I agree with these reasonable proposals.

2 Likes

@ezaan love the formatting here and an overall enjoyable read.

Great to see the three outlined proposals and TFL’s continued dedication to bringing UST across chains (and willing to spend LUNA to do so.)

I feel as if Proposal 3 is being ignored in comments above - concentrated liquidity is invaluable as is the community being developed by the Tokemak team. Is this due to the cost in proportion to Proposal 1 and 2? Or is this due to a general lack of knowledge of the Tokemak product and community?

Votemak, linked above, is “bribing” users to vote using their $TOKE and is a testimony to the value a reactor can contribute to a project. Terra must capitalize on this new dynamic

I am excited by the quote below - mind dropping us a hint? :eyes:

Look forward to seeing more strategies to expand UST across networks.

3 Likes

Idea for proposal 3 is to build a relationship with the Tokemak team, and they’ve suggested we start off with a LUNA reactor, with the goal of getting UST added as a base asset shortly after. Similar teams have structured in the same way (FXS added first, then FRAX)

1 Like

I agree. I think buying CVX directly AND accumulate CVX along 6 month period should be a better strategy.
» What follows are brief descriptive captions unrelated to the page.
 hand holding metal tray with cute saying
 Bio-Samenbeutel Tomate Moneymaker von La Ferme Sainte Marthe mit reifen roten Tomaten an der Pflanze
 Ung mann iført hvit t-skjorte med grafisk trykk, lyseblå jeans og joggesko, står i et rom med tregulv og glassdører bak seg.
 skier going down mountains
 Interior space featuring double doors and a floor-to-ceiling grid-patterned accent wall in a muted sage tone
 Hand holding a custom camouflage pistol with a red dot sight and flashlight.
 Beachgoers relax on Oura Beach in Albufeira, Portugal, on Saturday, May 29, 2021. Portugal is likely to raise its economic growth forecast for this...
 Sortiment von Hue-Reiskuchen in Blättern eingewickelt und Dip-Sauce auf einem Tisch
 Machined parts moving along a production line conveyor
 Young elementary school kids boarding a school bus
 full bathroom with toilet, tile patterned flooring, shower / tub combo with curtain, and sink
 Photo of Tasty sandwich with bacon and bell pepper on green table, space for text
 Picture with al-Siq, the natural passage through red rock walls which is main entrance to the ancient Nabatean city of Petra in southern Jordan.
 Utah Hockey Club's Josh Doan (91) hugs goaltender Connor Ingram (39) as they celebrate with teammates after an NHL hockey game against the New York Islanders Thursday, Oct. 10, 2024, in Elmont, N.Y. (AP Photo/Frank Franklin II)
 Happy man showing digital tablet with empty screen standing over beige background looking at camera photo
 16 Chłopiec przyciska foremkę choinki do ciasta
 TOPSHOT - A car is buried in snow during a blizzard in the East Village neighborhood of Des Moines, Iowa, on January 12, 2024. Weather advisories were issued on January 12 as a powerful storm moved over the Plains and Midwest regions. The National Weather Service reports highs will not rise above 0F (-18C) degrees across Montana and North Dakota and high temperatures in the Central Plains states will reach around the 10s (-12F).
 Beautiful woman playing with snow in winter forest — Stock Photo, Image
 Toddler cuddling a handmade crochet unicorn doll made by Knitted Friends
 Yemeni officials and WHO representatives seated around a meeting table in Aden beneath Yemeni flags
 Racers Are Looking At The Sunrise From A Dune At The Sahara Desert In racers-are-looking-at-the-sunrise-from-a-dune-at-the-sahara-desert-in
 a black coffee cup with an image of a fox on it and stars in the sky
Holding CVX does not mean cost, it should sustain its value.

Actually, with more and more stablecoin launch, I suspect CVX can increase its value.

Why are we focusing on Eth instead of building a framework to incentivize the 70+ projects that are supposed to launch on terra post col-5??

I’ve edited the post to provide more clarity on this front. The multisig will be controlled by 3 members: Jeremy Ong VP of BizOpz @Delphi (@JeremyDelphi), a member of the TFL Finance team, and myself (@ezaan).

Additionally, to keep the community informed, I plan to post bi-weekly updates on our pool size, the CVX/CRV we have farmed, along with a couple other helpful metrics.

The CVX will be vote locked into vlCVX and will need to be used every 2 weeks during the gauge votes, it would be infeasible to do the voting process to vote in gauge votes every 2 weeks thus the multisig team will take on the onus of doing this bi-weekly. However, of course, the vlCVX is technically owned by the Luna staker community and therefore if the community decides they would like to do something different with it in the future then that can definitely be done.